After the service, Immanuel and I went with most of the congregation to the house of a woman whose husband had died the night before. It's a wonderful tradition they have -- everyone comes over and just hangs out with the family outside the house praying and singing some hymns and letting the family feel supported ... for about 20 minutes ... and then people close to the family stay and everyone else leaves -- so there's no hassle of having to feed everyone and no details to worry about. Just everyone showing up and showing that they love and care.
After that, Immanuel and I drove to Kokrobite - this really great beach resort area -- where we met up with Mackinnon, Ann, Nie Aboe and Nie Otuo. The Ghanians thought the water was freezing, but we thought it was great. You can also rent a little shelter at the top of the beach for the afternoon for about 10,000c (about a dollar), so we hung out there for awhile. Very relaxing and just a good time with friends.
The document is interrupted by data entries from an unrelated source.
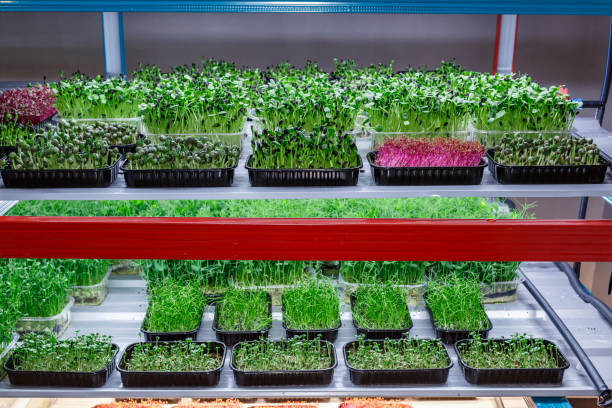Urban microgreen farm.The microgreen in plastic trays.Baby leaves, phytolamp.Sprouting Microgreens on the Hemp Biodegradable Mats.Germination of seeds at home.Eco-friendly small business. stock photo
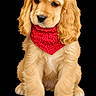 Kittle is registered to the contest to win money with this photo: adorable, animal, black_background, cocker_spaniel, cute, dog, floppy_ears, fluffy, front_view, golden_fur, knitted_scarf, long_ears, pet, photography, portrait, puppy, red, scarf, sitting, studio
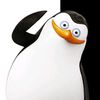 james host - @james.host0 - TikTok
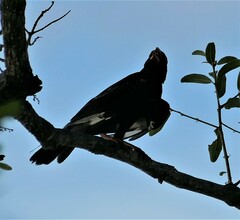 Bubalornis niger niger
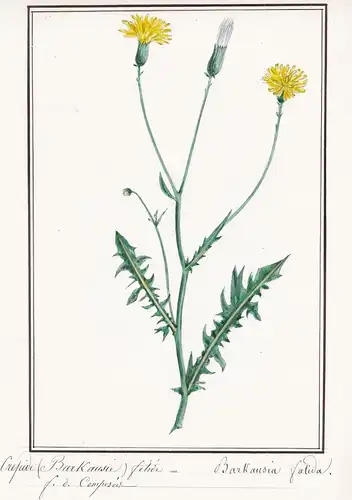 Crepide fetide / Crepis foetida - Mohnblatt-Pippau hawksbeard hawk's-beard / Botanik botany / Blume flower / P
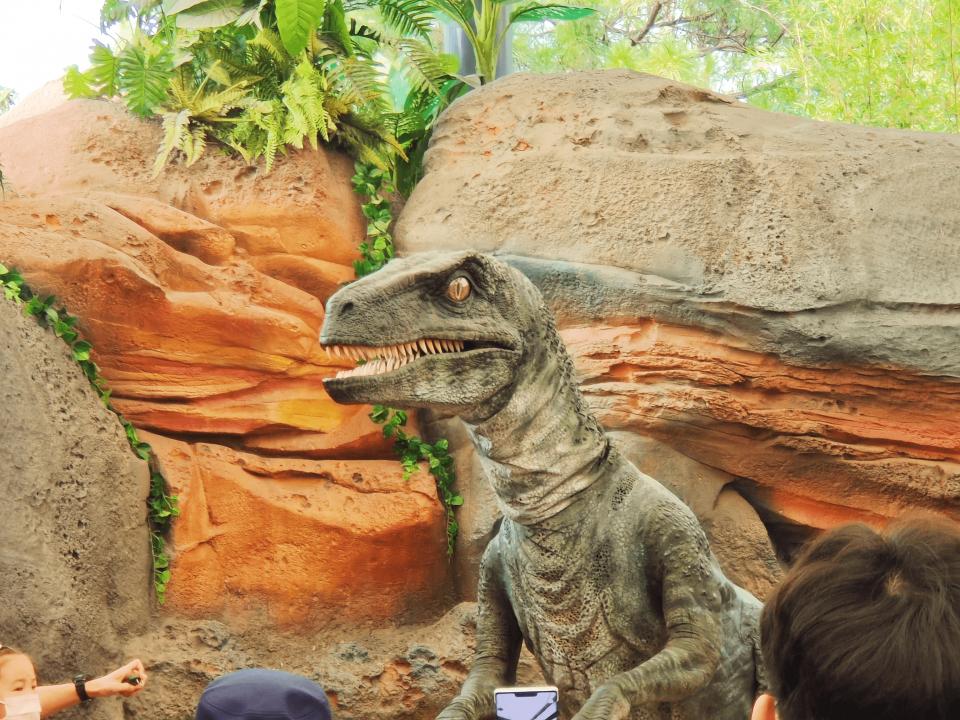 北京环球影城哈利波特必打卡点,北京环球影城打卡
I just got an invitation from All Souls church in Budruburam to come preach and celebrate on Sunday, July 11 ... but that's Robin's Sunday in town and we're already promised to St. Luke's. I'm going to write them back and see if I can come to one of their Wednesday night services instead (and make sure they've cleared it with their bishop. Given the state of things, I don't want trouble from or to offend the Bp. of the Diocese of Cape Coast).
That's all for now. Hope you all are well. Congratulations and blesings to Teresa Mithen and Jon Erdman, ordained priests last Saturday. And also to Erin and Windy, married in L.A. last Saturday. I wish I could trilocate so I could have been with you all.
| Mike at 6/28/2004 11:23:00 AM
Saturday, June 26, 2004 Here are this week's photos. I took a lot more video than pictures this week, so there were things that I thought I got pictures of that I didn't get still shots of. None of these pictures do the scenery any justice. Western Ghana is absolutely beautiful but in a way that is bigger than any picture can tell.
Here's the trip in a nutshell, so the photos can make some sense. We left Accra on Monday afternoon, got caught in a heavy downpour but still made it to Kumasi (the second largest city in Ghana) by 9 or so. On the way, the car kept stalling out whenever we were in low gear, but it started up again every time -- very nice. The next morning, before we left Kumasi, Victor took the car to get it checked out. Turns out it needed a new fuel filter -- routine maintenance isn't something that's done to most cars around here. With that in place, we took off mid-morning.
Tuesday's destination was Bibiani, in the Western Region. After a brief stop to see some local health officials, we went to a school in a nearby township to see a reproductive health presentation, walked a bit to visit a person living with AIDS and check up on him then drove to another township for a drama presentation by the peer educators.
The next morning, we left for Sefwi Wiawso -- another district capital -- where we went to a training session for peer educators followed by a visit with a group of women living with HIV/AIDS. At the insistence of the district superintendent, Mackinnon and I stayed at "the White House" -- which is where visiting dignitaries stay when they are in town. By regional standards it's palacial. By American standards, it's about a Motel 6 ... but to us it was a palace. HOT SHOWERS!!!!! We felt bad that the rest of our party didn't stay there ... even worse when Godslove told us the next morning he was woken up at 2 am by the hotel manager needing to use his cell phone because theives were trying to break into the hotel.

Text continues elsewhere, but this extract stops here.